SRI and Content Security Policy (CSP)
SRI and CSP are complementary, not redundant. CSP says "only scripts from this list of origins are allowed to run". SRI says "and that script must match this exact hash". Together they form a defense-in-depth approach: CSP blocks unknown origins; SRI blocks tampering with known origins. A CSP with script-src 'self' https://trusted-cdn.com says "we trust trusted-cdn.com"; adding SRI hashes to your scripts on trusted-cdn.com narrows that trust to specific file versions.

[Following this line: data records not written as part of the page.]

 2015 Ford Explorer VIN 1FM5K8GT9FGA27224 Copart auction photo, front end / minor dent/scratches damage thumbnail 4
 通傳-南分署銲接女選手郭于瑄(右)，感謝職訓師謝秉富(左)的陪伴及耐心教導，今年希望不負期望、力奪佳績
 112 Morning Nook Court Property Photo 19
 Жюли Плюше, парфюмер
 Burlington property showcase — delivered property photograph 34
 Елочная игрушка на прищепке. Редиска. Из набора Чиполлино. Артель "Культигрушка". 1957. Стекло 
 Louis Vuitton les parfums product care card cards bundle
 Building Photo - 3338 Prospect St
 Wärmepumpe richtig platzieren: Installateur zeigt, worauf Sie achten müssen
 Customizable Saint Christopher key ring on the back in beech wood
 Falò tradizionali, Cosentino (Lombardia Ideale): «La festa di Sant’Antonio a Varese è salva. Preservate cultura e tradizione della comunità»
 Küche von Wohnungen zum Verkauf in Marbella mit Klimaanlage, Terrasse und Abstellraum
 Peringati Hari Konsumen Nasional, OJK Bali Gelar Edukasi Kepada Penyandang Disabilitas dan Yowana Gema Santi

The draft require-sri-for script CSP directive would enforce that every cross-origin script must have an integrity attribute, browser-level. As of 2026 it has limited support but is the direction the standard is heading.
What InspectWP checks
The Security section of every InspectWP report inspects external script and stylesheet tags and reports which ones include integrity attributes and which do not. Missing SRI on a script from a third-party CDN is flagged as a low-to-medium severity finding, depending on context. A login or checkout page loading external JavaScript without SRI is a higher-priority warning. The report also flags malformed integrity values (wrong algorithm prefix, invalid base64) which can give a false sense of protection while actually being ignored by the browser. SRI is one of those measures where the existence of the attribute matters less than its correctness; a wrong hash is functionally equivalent to no hash because the browser still rejects mismatches, but a missing crossorigin attribute makes the whole check silent.